Good thing you completed that prop list and then added a few more! Wow, Everything looked fantastic!! Really Rich on Detail. I liked the house walkthrough too. Everything was Spot On.


----------



## Pumpkin5 (Aug 8, 2010)

:jol:That is excellent! I just love your flying witch and your skelerector! They are awesome and I love your use of lighting too. What a gorgeous haunt you have....hee, hee, the better to scare you with my dear.


----------



## Sawtooth Jack (Apr 9, 2011)

Great home haunt. The entire thing is amazing. I can't believe how brave you are opening your home to a walk-through! Nice work all around.


----------



## Copchick (Apr 10, 2012)

Wow, that is so impressive! I liked your pop up skellie on your lawn, the vampire hunter with his nemesis in the coffin and the skellie fishing with the skellie bait! All around it looks absolutely fabulous!


----------



## HalloweenRick (Nov 25, 2005)

Awesome! Where in the world do you store all that?


----------



## Hairazor (Mar 13, 2012)

Holey Moley you sure know how to put together a haunt!!! It would be hard to pick a favorite but I would go wirh the flying witch!


----------



## beelce (Jul 21, 2007)

Outstanding.......


----------



## RoxyBlue (Oct 6, 2008)

Whoa, do you know how to put on a haunt or what?

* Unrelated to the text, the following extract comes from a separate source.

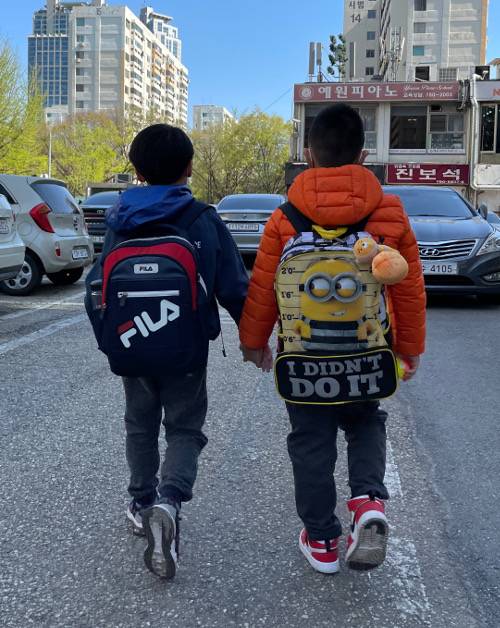 서울 여의도초에 재학 중인 최정원(9·오른쪽)군이 지난해 4월 친구의 손을 잡고 걸어가고 있다. 손잡고 같은 길을 걸어갈 친구가 있다는 건 서로에게 큰 축복이다.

It's wonderful seeing how all the props you've worked on come together into one fantastic display.


----------



## R. Lamb (Oct 11, 2011)

I am going to have to drive down to San Diego next year. That really looks like it would be worth the trip! (I loved the ground breaker @ the 2 minute mark.)


----------



## Headless (Sep 4, 2011)

WOW - that was just amazing. One of the things I love about the video is remembering the build threads for some of the props. You've used them so well. Absolutely inspiring setup - well done!


----------



## heresjohnny (Feb 15, 2006)

Very nice!


----------



## jdubbya (Nov 6, 2005)

Really great display! I'll bet the TOT's loved it.


----------



## halstaff (Nov 18, 2009)

Thanks all for the kind words. 
It was a fun year with all the new builds and they were a big hit.
R. Lamb and any other haunters are always welcome. Let me know and I'll put you on next years party guest list.


----------



## Warrant2000 (Oct 8, 2008)

Awesome as always.


----------



## halstaff (Nov 18, 2009)

Thanks Don. See you at the show and tell meeting next week.


----------



## Lord Homicide (May 11, 2012)

Yeah, it was so awesome we did 3 walkthroughs just to make sure we saw everything. The bathroom looked awesome too. LH sighting @ 6:08 walking down hallway.


----------



## halstaff (Nov 18, 2009)

Lord Homicide said:


> Yeah, it was so awesome we did 3 walkthroughs just to make sure we saw everything. The bathroom looked awesome too. LH sighting @ 6:08 walking down hallway.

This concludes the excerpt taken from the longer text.